Brief – For this exercise, retype the lines from the one that holds "Superocean Heritage B31 Automatic 44" through the one that holds "[Terminus：僵尸生存]Terminus: Zombie Survivors-Build.8900401插图1" in the records below, both included, exactly and without pictures.

Records supplied –
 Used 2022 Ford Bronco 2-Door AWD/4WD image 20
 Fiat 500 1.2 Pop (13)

---

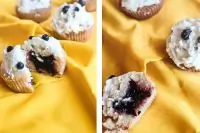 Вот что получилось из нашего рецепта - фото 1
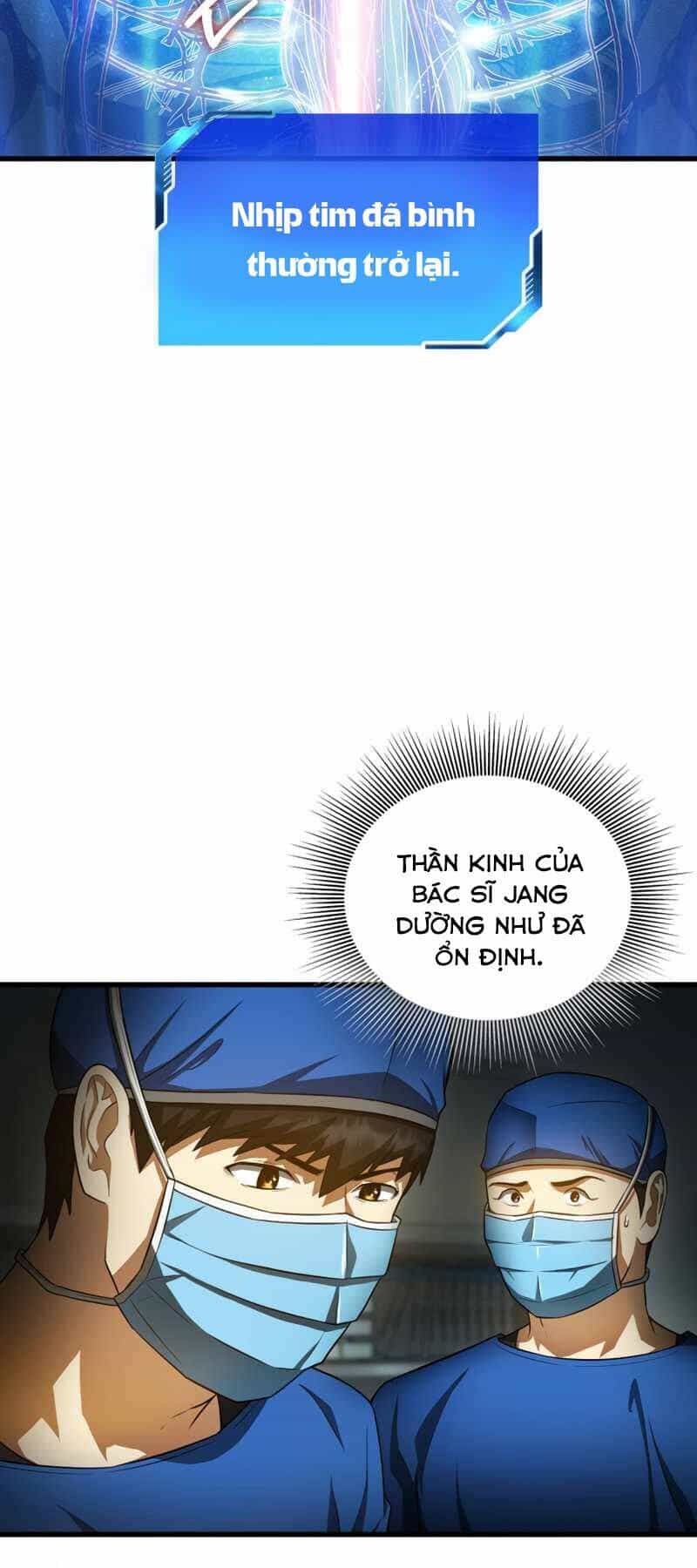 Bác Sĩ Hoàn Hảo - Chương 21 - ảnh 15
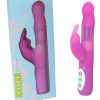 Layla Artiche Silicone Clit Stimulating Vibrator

--

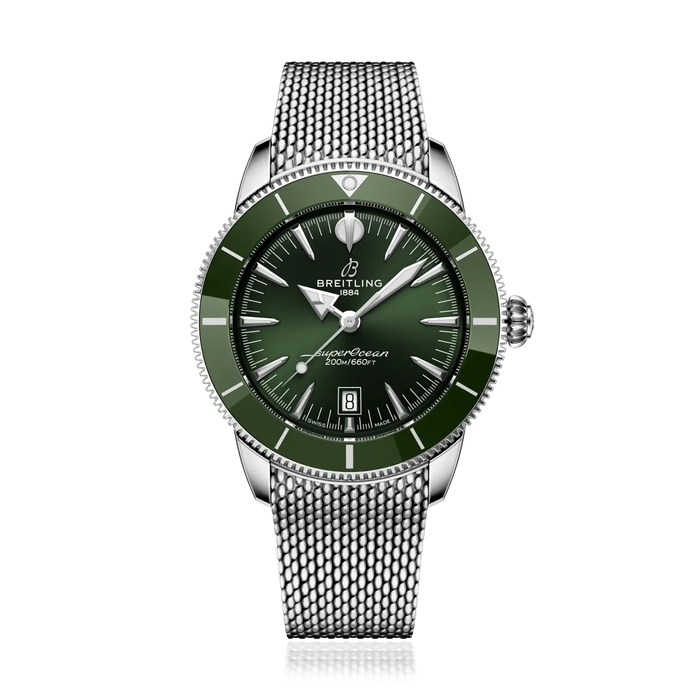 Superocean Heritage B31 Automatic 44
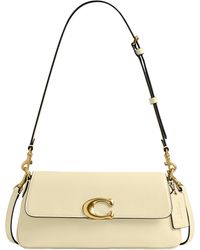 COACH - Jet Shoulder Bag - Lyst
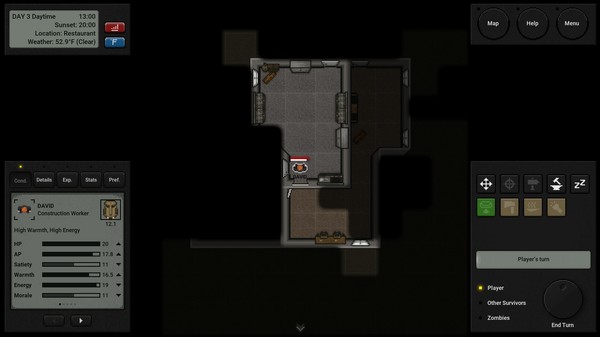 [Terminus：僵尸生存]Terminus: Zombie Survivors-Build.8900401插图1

Task result –
 Superocean Heritage B31 Automatic 44
 COACH - Jet Shoulder Bag - Lyst
 [Terminus：僵尸生存]Terminus: Zombie Survivors-Build.8900401插图1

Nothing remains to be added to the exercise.